The algorithm combines a stochastic gradient approach and iterative techniques.
It requires a correct initialization of the left singular vectors obtained here using the impressive LowRankApprox package if the rank is imposed or the algorithm descrided below in the second item if we search the rank for a target precision. It then provides in a few iterations a further 25%-50% diminution of the relative error in the Froebonius norm. This can correspond to a reduction by up to a factor of 4 of the rank necessary to obtain the same accuracy by any of the 2 initializations possible. (Cf by example the test vrpca_epsil)

The combination of the Shamir algorithm with the initializing algorithms mentionned above provide accurate truncated SVD or range approximation for a good performance compromise and can thus save computation in further processing.

The chapter on fast incremental Monte-Carlo Svd from Spectral Algorithms. S. Vempala and R. Kannan(2009) (chapter 7 P 85 and Th 7.2 7.3).

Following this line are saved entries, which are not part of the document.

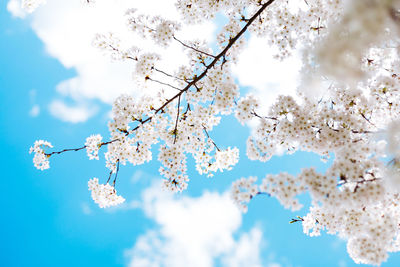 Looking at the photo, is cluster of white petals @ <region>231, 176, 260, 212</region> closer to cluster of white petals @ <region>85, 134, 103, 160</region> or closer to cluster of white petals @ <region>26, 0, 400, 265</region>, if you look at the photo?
cluster of white petals @ <region>26, 0, 400, 265</region>

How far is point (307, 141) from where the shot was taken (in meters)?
6.14

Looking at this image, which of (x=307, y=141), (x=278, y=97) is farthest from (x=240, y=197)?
(x=278, y=97)

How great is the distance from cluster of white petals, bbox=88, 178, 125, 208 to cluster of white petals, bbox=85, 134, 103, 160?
70 cm

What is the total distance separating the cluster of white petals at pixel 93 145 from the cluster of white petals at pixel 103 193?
2.30 feet

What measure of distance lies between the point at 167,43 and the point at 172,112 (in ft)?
6.37

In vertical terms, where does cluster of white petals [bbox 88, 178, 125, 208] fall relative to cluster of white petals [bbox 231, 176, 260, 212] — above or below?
above

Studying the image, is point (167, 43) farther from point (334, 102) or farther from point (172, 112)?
point (334, 102)

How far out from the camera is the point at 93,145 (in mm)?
7426

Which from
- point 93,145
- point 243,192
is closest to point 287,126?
point 243,192

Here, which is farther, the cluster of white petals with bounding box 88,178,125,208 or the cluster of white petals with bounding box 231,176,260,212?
the cluster of white petals with bounding box 88,178,125,208

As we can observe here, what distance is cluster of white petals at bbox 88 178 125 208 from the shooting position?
751 centimetres

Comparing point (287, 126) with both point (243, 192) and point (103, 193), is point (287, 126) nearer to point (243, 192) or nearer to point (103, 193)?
point (243, 192)

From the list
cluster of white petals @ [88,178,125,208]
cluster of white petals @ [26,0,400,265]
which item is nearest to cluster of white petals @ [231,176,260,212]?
cluster of white petals @ [26,0,400,265]

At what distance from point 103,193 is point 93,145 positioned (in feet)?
4.38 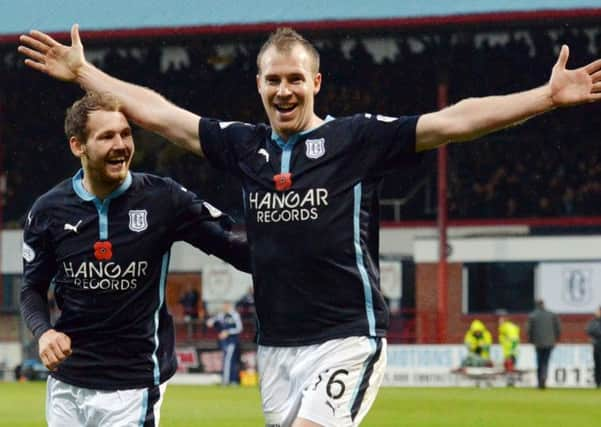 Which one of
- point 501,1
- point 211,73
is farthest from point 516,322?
point 211,73

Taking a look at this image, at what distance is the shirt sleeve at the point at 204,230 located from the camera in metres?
7.35

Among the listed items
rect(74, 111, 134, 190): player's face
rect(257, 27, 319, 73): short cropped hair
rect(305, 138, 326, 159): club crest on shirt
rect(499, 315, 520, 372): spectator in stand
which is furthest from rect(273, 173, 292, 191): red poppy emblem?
rect(499, 315, 520, 372): spectator in stand

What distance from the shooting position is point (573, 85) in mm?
6547

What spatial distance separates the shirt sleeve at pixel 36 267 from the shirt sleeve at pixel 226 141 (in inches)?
33.2

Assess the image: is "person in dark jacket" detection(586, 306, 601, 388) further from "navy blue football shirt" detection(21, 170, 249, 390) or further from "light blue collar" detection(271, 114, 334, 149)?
"light blue collar" detection(271, 114, 334, 149)

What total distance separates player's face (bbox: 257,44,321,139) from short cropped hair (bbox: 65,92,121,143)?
0.79 meters

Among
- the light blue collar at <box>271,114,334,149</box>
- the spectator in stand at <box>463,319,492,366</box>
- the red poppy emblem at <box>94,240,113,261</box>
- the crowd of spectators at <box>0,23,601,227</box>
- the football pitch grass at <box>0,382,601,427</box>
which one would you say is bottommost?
the football pitch grass at <box>0,382,601,427</box>

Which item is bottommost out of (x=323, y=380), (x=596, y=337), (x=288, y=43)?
(x=596, y=337)

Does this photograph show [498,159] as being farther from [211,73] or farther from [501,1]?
[211,73]

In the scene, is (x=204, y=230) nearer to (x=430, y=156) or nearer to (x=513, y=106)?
(x=513, y=106)

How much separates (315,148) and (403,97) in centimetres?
3258

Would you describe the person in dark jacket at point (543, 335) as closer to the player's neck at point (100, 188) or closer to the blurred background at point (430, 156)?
the blurred background at point (430, 156)

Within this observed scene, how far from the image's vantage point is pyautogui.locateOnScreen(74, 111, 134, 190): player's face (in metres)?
7.06

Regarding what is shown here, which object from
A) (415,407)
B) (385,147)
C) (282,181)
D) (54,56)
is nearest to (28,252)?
(54,56) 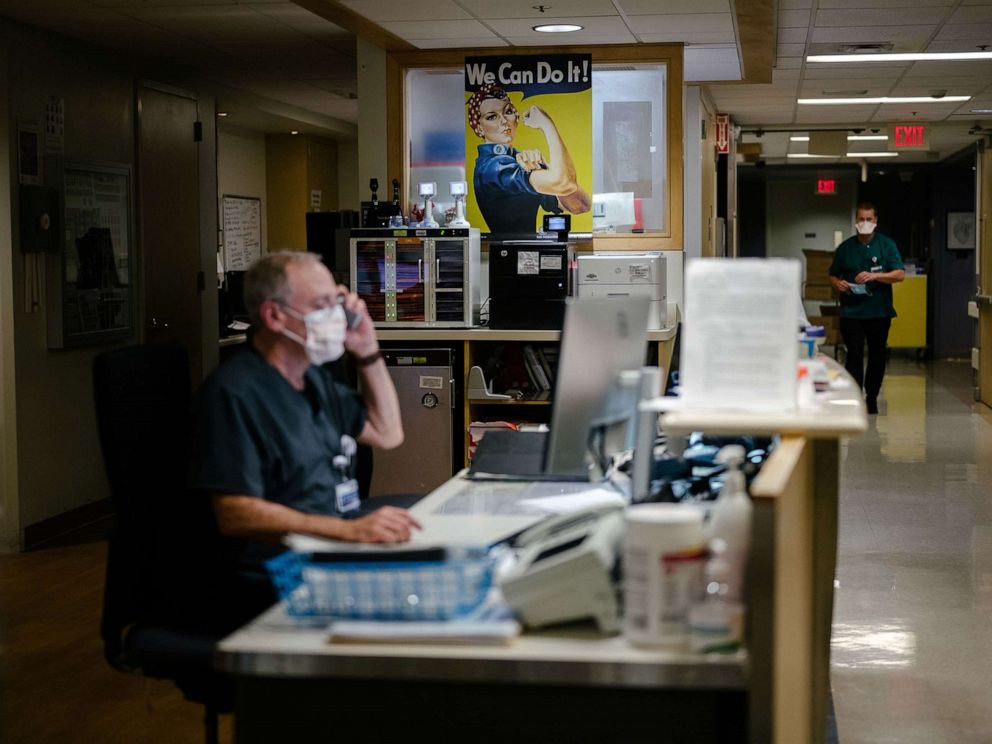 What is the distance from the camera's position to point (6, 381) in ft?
20.7

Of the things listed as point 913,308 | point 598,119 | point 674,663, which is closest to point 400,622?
point 674,663

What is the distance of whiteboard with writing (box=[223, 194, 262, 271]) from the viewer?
11461 mm

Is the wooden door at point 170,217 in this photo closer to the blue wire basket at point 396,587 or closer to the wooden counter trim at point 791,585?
the wooden counter trim at point 791,585

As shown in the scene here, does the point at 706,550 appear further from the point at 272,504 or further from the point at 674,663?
the point at 272,504

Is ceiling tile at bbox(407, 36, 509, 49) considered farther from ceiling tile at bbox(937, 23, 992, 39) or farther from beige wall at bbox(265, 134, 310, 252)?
beige wall at bbox(265, 134, 310, 252)

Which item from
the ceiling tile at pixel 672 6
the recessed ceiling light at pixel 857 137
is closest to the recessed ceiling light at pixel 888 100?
the recessed ceiling light at pixel 857 137

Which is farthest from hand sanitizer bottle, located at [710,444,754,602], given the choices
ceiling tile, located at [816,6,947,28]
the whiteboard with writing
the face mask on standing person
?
the whiteboard with writing

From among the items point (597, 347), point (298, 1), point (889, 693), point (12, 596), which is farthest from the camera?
point (298, 1)

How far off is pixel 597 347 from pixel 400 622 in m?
0.86

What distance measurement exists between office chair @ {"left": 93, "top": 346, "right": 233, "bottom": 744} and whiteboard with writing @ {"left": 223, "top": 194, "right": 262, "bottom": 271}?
8588 mm

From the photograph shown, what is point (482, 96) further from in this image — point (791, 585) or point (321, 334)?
point (791, 585)

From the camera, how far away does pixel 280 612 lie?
7.02 feet

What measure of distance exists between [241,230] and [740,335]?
9.87 m

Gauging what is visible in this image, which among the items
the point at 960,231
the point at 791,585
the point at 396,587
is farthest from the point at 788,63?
the point at 960,231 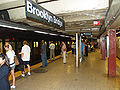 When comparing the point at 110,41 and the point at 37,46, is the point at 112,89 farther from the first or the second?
the point at 37,46

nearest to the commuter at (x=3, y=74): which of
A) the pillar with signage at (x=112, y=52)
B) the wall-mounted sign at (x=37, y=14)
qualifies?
the wall-mounted sign at (x=37, y=14)

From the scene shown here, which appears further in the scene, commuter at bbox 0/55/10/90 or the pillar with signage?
the pillar with signage

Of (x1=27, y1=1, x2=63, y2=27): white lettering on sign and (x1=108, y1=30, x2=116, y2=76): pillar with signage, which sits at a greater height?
(x1=27, y1=1, x2=63, y2=27): white lettering on sign

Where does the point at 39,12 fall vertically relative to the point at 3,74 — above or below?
above

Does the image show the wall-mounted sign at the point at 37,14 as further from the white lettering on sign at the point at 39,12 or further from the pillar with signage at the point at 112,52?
the pillar with signage at the point at 112,52

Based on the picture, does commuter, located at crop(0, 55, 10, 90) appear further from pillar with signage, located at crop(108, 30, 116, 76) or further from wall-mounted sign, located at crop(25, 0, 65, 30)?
pillar with signage, located at crop(108, 30, 116, 76)

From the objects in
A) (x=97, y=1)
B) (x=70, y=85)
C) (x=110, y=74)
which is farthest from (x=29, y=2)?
(x=110, y=74)

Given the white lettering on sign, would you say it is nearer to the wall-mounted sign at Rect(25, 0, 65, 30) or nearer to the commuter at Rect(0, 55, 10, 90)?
the wall-mounted sign at Rect(25, 0, 65, 30)

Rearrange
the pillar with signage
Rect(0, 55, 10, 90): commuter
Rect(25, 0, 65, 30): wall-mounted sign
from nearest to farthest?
Rect(25, 0, 65, 30): wall-mounted sign < Rect(0, 55, 10, 90): commuter < the pillar with signage

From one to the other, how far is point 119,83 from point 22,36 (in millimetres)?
5408

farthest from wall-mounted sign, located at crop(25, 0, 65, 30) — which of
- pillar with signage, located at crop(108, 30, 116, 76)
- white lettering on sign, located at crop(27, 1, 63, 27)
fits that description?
pillar with signage, located at crop(108, 30, 116, 76)

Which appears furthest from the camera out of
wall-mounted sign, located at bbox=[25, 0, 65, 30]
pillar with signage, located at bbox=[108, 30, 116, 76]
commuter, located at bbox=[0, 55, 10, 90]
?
pillar with signage, located at bbox=[108, 30, 116, 76]

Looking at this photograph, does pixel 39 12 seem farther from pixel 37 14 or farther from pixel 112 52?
pixel 112 52

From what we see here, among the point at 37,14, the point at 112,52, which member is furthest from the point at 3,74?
the point at 112,52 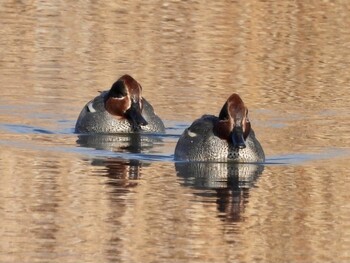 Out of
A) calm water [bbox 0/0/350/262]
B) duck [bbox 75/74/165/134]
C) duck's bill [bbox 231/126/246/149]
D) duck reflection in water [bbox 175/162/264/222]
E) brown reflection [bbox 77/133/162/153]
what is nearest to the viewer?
calm water [bbox 0/0/350/262]

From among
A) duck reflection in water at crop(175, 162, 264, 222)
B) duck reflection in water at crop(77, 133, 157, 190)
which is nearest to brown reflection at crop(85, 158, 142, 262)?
duck reflection in water at crop(77, 133, 157, 190)

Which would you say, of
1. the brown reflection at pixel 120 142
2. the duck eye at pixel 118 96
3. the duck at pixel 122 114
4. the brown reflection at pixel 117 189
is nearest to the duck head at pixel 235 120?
the brown reflection at pixel 117 189

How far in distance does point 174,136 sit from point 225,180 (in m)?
3.16

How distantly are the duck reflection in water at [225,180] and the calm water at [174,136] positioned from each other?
21mm

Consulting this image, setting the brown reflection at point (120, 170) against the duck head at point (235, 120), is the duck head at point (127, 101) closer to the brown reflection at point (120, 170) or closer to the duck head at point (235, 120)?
the brown reflection at point (120, 170)

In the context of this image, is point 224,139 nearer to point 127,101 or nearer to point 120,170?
point 120,170

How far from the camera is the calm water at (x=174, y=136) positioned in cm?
1143

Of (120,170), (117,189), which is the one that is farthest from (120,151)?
(117,189)

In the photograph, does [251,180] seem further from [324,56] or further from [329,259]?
[324,56]

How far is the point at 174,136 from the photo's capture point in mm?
17188

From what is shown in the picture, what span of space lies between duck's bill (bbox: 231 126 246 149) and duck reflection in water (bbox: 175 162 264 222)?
241 millimetres

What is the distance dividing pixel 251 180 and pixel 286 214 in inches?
67.5

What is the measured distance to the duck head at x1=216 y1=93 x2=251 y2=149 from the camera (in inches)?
583

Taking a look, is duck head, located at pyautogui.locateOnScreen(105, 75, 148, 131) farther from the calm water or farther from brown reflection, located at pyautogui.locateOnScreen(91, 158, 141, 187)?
brown reflection, located at pyautogui.locateOnScreen(91, 158, 141, 187) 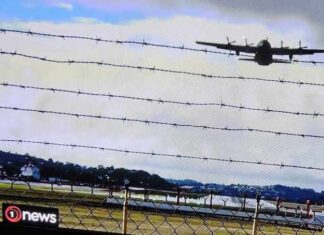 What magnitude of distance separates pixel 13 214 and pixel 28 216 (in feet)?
0.51

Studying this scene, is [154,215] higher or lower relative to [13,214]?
lower

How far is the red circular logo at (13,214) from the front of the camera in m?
4.97

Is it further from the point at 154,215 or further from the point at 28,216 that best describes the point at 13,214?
the point at 154,215

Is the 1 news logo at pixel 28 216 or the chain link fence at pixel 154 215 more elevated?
the 1 news logo at pixel 28 216

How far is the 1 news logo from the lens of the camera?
196 inches

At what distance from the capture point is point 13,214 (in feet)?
16.4

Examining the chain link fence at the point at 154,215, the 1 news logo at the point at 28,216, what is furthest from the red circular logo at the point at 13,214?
the chain link fence at the point at 154,215

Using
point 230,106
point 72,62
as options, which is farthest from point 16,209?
point 230,106

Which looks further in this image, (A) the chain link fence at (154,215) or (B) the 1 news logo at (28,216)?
(A) the chain link fence at (154,215)

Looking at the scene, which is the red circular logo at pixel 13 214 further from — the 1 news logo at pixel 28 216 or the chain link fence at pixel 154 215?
the chain link fence at pixel 154 215

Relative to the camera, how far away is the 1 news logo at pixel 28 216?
16.3 feet

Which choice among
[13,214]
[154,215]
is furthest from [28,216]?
[154,215]

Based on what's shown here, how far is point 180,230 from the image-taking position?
13.3 metres

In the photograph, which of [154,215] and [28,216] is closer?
[28,216] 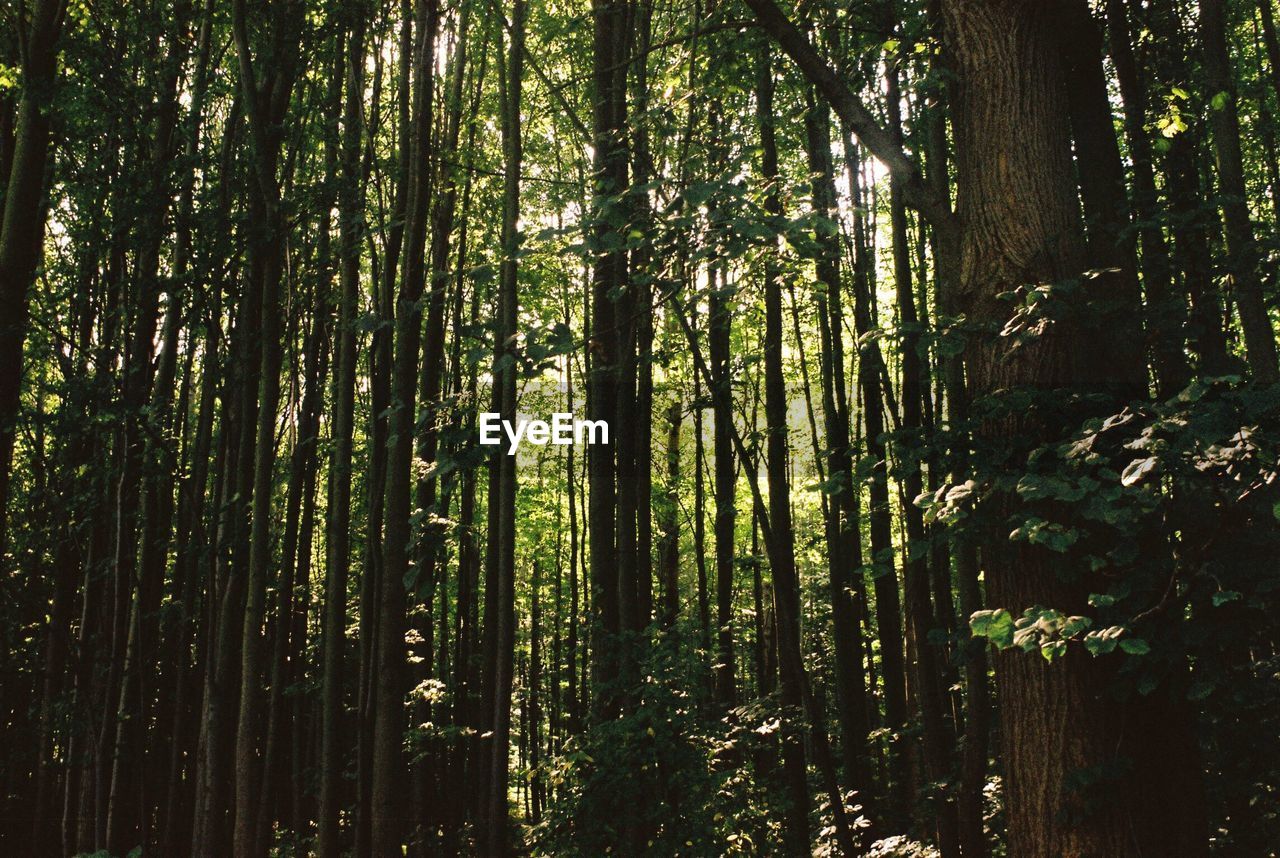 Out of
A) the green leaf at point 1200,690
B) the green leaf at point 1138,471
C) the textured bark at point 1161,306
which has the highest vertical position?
the textured bark at point 1161,306

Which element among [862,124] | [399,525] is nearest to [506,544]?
[399,525]

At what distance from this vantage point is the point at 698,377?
38.5ft

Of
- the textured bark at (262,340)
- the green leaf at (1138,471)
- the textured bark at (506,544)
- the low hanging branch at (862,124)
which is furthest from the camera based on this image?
the textured bark at (506,544)

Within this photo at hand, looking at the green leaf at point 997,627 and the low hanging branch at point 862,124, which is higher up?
the low hanging branch at point 862,124

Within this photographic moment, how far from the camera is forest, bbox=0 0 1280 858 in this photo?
10.3 feet

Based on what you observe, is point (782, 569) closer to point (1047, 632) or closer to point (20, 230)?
point (1047, 632)

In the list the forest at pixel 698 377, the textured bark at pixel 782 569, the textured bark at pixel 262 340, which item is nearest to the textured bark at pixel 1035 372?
the forest at pixel 698 377

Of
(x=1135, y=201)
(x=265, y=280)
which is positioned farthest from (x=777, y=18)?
(x=265, y=280)

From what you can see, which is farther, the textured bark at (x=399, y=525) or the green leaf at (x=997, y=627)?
the textured bark at (x=399, y=525)

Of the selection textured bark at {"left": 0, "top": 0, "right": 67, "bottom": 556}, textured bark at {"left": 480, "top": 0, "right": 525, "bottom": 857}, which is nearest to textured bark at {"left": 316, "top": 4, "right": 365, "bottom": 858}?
textured bark at {"left": 480, "top": 0, "right": 525, "bottom": 857}

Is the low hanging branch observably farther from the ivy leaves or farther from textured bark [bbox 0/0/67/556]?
textured bark [bbox 0/0/67/556]

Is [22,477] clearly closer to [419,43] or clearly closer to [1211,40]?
[419,43]

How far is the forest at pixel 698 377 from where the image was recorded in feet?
10.3

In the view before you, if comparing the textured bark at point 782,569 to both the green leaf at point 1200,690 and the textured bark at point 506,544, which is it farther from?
the green leaf at point 1200,690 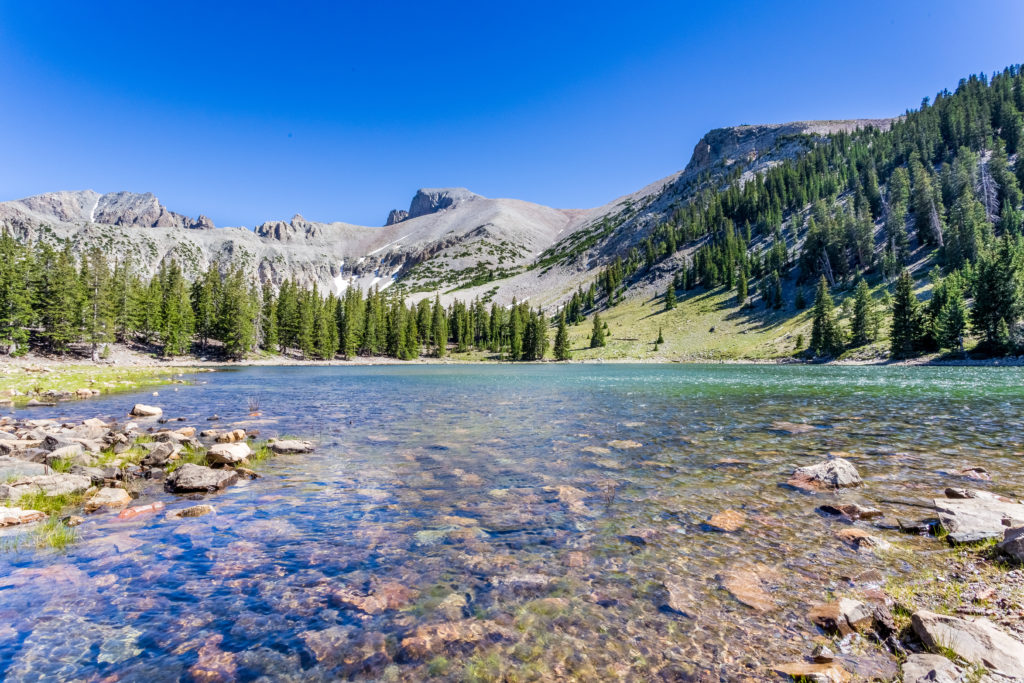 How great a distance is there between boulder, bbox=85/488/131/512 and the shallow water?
53cm

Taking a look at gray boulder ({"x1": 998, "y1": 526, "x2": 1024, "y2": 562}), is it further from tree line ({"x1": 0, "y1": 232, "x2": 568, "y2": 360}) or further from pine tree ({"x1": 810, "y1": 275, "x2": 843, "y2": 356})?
tree line ({"x1": 0, "y1": 232, "x2": 568, "y2": 360})

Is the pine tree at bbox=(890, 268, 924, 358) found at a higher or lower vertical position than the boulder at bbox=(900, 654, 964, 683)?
higher

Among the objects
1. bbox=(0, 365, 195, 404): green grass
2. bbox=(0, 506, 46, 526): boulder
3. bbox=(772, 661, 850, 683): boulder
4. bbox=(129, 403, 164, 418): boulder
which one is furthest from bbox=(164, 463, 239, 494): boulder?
bbox=(0, 365, 195, 404): green grass

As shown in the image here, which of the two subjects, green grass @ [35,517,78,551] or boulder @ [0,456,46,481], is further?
boulder @ [0,456,46,481]

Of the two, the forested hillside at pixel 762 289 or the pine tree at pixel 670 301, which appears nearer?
the forested hillside at pixel 762 289

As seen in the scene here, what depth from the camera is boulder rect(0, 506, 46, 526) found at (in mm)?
10188

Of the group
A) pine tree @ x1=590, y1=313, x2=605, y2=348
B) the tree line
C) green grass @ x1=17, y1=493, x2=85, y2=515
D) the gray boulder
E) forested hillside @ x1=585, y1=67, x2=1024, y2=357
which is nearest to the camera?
the gray boulder

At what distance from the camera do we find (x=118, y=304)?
3497 inches

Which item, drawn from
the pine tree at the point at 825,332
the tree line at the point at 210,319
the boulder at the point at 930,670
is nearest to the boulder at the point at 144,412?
A: the boulder at the point at 930,670

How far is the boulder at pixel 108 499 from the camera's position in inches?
450

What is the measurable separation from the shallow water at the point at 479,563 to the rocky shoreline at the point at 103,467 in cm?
66

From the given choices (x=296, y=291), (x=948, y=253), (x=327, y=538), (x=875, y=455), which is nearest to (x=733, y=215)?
(x=948, y=253)

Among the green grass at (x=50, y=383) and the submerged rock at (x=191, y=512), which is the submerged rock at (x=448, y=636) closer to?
the submerged rock at (x=191, y=512)

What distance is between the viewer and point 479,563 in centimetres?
859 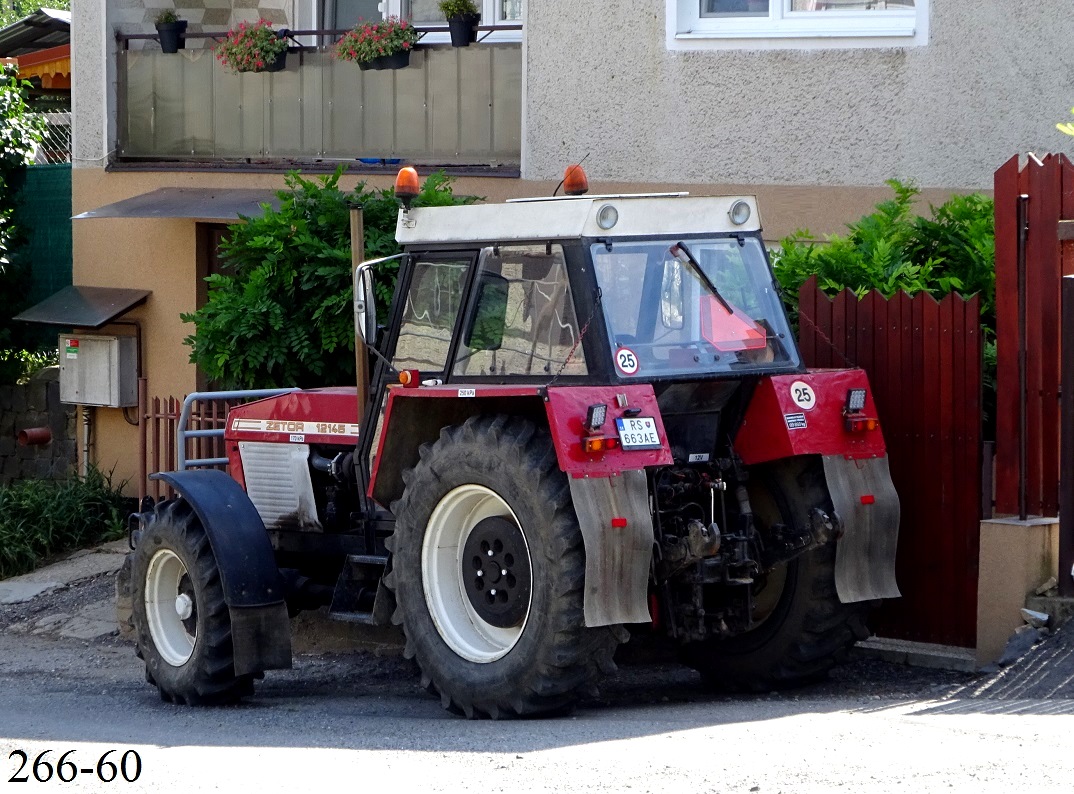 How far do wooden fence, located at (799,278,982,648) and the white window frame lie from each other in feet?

The algorithm relies on an iterative decomposition of the range of the data matrix. Each iteration does successive sampling of columns data vectors proportionally to their L2-norm, construct a range approximation, and substract the current range approximation before next iteration.
Due to its incremental construction it is also possible to ask for an approximation at a given precision without asking for a given rank and let the computation give the rank as an output.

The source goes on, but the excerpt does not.